Many of FDN’s programs teach consumers how easy it is to cook foods, such as various squashes, that they may have previously not been exposed to. FDN strives to provide a healthy alternative to processed food, high in salt, sugar, fat and artificial ingredients, that is cheap and accessible for many people with limited incomes. While FDN is a food rescue and redistribution program that collects up to 600,000 pounds of mostly perishable food every year, it is also important to note that it is all about transforming how American communities deal with excess and day-old food that is usable and nutritious.
About 30 programs are served by FDN, including pantries, community hot meals, children’s programs, outreach to low-wage work sites, families who live in trailer parks, low-income homes, and senior citizens. Participating programs and their 235 volunteers pick up and distribute donations of mostly perishable surplus food from Ithaca’s food outlets. Donors include supermarkets, wholesale food suppliers, Cornell University, bakeries, area farms, and community-supported agriculture (CSA) programs. For a list of our current donors, see Donors.

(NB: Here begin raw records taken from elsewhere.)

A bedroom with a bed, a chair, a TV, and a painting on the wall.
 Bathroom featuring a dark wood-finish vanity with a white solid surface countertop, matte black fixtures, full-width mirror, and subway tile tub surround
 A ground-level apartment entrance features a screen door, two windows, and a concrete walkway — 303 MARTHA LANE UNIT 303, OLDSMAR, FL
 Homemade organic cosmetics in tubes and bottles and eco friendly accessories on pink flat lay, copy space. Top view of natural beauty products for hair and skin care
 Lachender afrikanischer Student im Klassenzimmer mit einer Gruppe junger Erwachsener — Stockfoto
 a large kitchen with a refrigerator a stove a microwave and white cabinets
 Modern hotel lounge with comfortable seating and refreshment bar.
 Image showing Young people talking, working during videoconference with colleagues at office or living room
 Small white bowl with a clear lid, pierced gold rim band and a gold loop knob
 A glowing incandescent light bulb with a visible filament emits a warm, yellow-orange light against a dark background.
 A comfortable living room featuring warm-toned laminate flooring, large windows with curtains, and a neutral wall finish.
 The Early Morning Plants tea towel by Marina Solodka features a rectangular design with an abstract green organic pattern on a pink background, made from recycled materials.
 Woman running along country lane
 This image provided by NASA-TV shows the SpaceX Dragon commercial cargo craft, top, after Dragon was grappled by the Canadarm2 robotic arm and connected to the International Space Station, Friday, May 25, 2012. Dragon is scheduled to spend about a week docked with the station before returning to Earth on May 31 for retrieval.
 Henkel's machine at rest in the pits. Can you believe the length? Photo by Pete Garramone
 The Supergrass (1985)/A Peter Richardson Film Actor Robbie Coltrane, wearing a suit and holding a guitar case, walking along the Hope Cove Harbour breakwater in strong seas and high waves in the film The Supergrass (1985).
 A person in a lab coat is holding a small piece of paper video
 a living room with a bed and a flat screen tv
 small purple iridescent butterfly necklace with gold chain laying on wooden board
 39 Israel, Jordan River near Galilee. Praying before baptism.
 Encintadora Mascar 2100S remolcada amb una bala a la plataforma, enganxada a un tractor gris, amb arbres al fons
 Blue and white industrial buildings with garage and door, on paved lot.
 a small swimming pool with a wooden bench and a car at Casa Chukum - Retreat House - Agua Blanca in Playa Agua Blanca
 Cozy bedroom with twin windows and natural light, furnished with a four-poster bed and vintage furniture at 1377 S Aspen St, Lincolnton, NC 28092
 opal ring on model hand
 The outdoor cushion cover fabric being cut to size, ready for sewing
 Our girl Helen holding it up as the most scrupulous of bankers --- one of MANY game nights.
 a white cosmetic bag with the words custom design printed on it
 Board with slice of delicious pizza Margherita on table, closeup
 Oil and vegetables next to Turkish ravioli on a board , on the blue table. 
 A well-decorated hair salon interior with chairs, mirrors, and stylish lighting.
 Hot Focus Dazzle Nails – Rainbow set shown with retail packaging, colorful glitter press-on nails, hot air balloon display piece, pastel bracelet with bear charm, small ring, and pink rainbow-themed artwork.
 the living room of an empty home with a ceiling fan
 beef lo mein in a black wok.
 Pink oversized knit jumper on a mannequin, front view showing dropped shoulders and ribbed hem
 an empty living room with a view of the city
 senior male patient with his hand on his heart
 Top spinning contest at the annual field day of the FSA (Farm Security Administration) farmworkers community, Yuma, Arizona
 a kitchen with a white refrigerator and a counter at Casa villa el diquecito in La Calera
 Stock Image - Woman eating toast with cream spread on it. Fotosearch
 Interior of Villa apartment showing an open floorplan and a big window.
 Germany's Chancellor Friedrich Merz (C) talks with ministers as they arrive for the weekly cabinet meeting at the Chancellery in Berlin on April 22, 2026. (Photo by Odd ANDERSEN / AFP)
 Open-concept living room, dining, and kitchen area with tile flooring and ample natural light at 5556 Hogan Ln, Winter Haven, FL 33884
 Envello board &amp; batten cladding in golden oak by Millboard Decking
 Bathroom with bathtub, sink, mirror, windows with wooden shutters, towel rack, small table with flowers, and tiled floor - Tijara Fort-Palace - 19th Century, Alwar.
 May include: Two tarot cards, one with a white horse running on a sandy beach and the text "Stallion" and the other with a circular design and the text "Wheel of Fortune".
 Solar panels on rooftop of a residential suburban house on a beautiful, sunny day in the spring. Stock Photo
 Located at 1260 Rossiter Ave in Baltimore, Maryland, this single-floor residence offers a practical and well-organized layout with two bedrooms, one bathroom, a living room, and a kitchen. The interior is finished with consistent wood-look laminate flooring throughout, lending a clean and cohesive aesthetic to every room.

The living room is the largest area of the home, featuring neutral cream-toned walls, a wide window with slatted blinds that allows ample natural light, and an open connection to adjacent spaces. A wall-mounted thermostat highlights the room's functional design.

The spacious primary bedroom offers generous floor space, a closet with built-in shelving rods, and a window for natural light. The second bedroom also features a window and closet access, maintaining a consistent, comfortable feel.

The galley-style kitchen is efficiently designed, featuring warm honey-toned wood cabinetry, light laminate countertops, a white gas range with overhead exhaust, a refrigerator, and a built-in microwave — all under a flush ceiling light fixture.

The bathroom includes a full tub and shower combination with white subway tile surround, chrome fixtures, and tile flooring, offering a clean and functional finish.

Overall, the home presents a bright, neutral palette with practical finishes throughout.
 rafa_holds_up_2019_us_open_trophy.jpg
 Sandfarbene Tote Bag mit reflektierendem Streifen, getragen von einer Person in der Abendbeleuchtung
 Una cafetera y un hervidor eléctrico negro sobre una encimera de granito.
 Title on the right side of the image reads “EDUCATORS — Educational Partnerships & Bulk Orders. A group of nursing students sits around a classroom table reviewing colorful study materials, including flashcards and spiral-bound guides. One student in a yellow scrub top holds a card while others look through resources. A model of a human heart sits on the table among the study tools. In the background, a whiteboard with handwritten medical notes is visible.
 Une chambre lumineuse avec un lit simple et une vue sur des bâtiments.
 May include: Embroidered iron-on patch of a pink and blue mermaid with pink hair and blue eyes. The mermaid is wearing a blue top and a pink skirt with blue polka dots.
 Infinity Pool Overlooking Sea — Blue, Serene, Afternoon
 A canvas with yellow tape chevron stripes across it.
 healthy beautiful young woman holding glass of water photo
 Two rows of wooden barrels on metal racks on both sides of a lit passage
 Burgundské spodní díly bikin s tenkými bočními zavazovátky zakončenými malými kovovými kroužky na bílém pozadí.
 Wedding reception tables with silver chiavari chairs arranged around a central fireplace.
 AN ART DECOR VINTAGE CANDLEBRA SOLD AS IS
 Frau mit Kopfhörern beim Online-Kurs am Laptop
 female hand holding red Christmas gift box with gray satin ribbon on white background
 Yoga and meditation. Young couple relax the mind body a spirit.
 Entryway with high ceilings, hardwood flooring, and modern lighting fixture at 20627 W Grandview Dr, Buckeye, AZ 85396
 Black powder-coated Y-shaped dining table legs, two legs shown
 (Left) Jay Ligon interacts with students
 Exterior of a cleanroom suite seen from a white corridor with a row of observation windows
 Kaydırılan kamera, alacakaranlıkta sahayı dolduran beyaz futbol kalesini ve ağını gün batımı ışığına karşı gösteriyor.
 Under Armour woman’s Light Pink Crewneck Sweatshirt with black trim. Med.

FDN began in 1988 to aid destitute migrant farm workers in 112 migrant labor camps (Sodus, New York) with necessities. In 1992, the program expanded to include Ithaca and surrounding communities. Thirty hunger programs pick up donations of mostly fresh perishable food donated by area donors, including deliveries of free food to low-wage work sites and rural poor. FDN provides a teaching model for innovative and transformative practices to save nutritious food from being dumped and instead, divert it to those in need.
Donations by the Numbers
In-Kind Donations: Up to $1.5 million annually
Food Donations: 1,000–1,500 lbs per day; 10,000–12,000 lbs per week; (more on holidays); up to 600,000 lbs per year
Value of Food Donations: $2,000–4,000 per day; $1.2–1.5 million per year with increases on holidays and harvest time.
Number of Consumers Served: Up to 2,100 per week. Pantries are held weekly; bi-weekly; or monthly. There is a pantry in Ithaca or nearby communities every day of the week including weekends. Daily and weekends—seven days per week—community meals are served in Ithaca. See Programs Served for a current schedule. Up to 2,100 persons are served weekly through 30 hunger programs. Each pantry receives about 1,000–1,500 pounds of mostly fresh, perishable food donations daily—fruits, vegetables, assorted breads and pastries, assorted groceries, variety of dairy and deli items, eggs, pizzas, and more!
Food Donors: see Donors Page
Nonprofit Organization: As of September 7, 2010, Friendship Donations, Inc. is an officially incorporated nonprofit organization. FDN is a 501(c)3 program (EIN: 32-0318047). All donations are tax-deductible. FDN is a non-denominational organization and does not promote any message, including religion.
Volunteers: FDN is a volunteer-driven organization. 30 hunger programs and their 235 volunteers pick up food from donors and deliver it to their respective programs; they set up the pantry and distribute the food to those in need.
Staff: Meaghan Sheehan Rosen, MSW is FDN’s Program Coordinator.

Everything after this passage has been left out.